[EM] Method X

Kristofer Munsterhjelm km_elmet at t-online.de
Tue Aug 1 16:20:51 PDT 2023


This is method X, the monotone burial-resistant method from the previous 
post: (It doesn't really have a name yet.)

- Each candidate A obtains his score by eliminating candidates in 
rounds, one candidate per round, until one other candidate (B) remains 
or A himself is forced to be eliminated. In the former case, A's score 
is A>B. In the latter case, A's score is zero.

- When figuring out A's score, the method chooses the sequence of 
candidates to eliminate so as to maximize that score.

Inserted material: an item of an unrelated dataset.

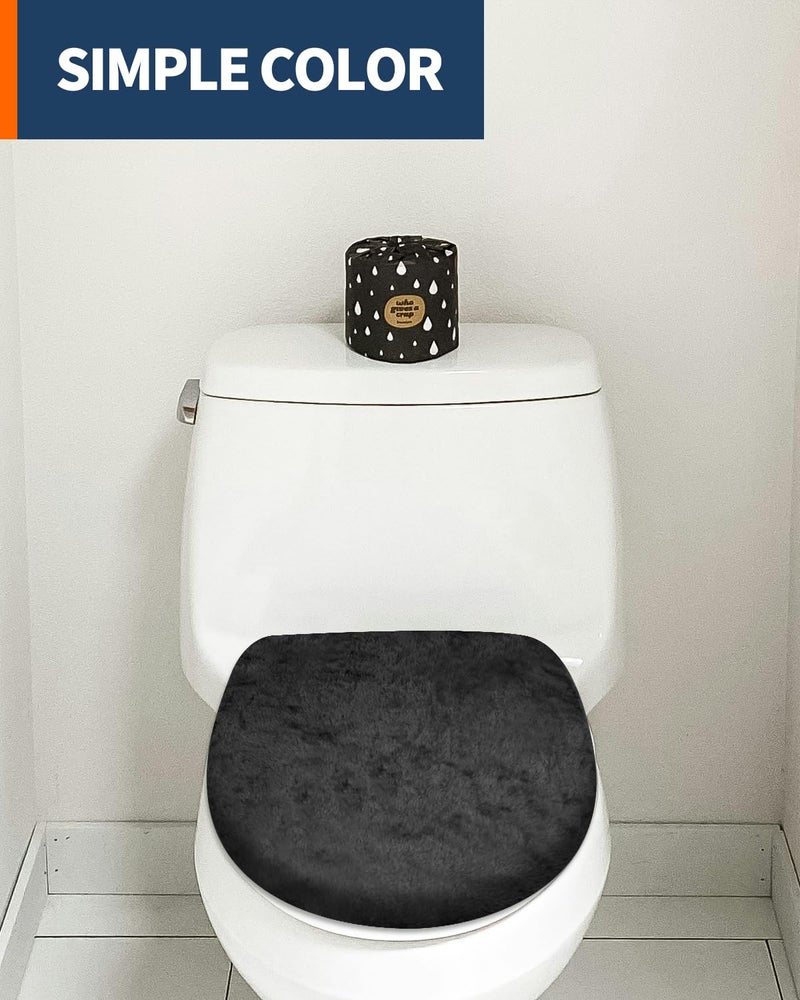 Aecsze Microfiber Toilet Lid Cover, Soft Velvet Toilet Cover; Absorbent, Machine Washable, Comfortable, Durable Adjustable Toilet Seat Cover Fits Most Toilet Lids (Black) - Image 5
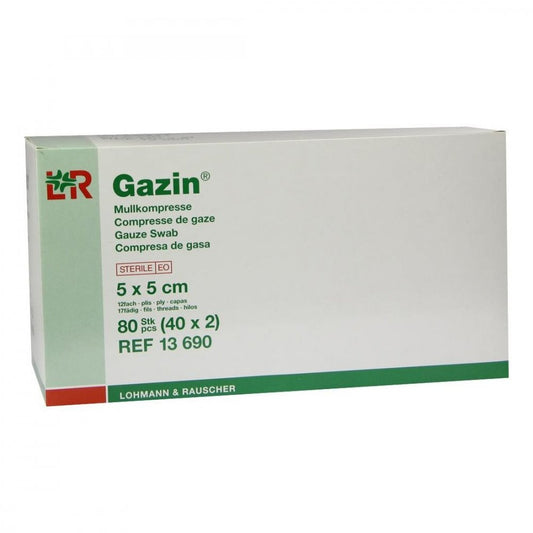Das Produktfoto zeigt Gazin Mullkomp.5x5 Cm Steril 12fach (40X2 stk) PZN 01511688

- In a round, the method can never eliminate a candidate who has more 
than 1/n of the total number of (non-exhausted) first preferences, where 
n is the number of remaining candidates in the round in question.

- Unlike IFPP, it never eliminates more than one candidate per round.

- Highest score wins.

That's it!

Now for the bad news:
	- it's not summable (a summary takes O(n2^n) space),
	- it's not polytime (ditto),
	- its use of quotas means it would probably fail IIB,
	- and I have no idea why it works.

I can't say I wasn't tempted to name it after myself since it's kind of 
a big deal (if I can verify its monotonicity), but given its drawbacks, 
maybe it's not a good idea? It's like the Kemeny of monotone 
burial-resistant methods: slow and impractical, but it shows what's 
*possible*.

I would very much like some independent verification or replication, though.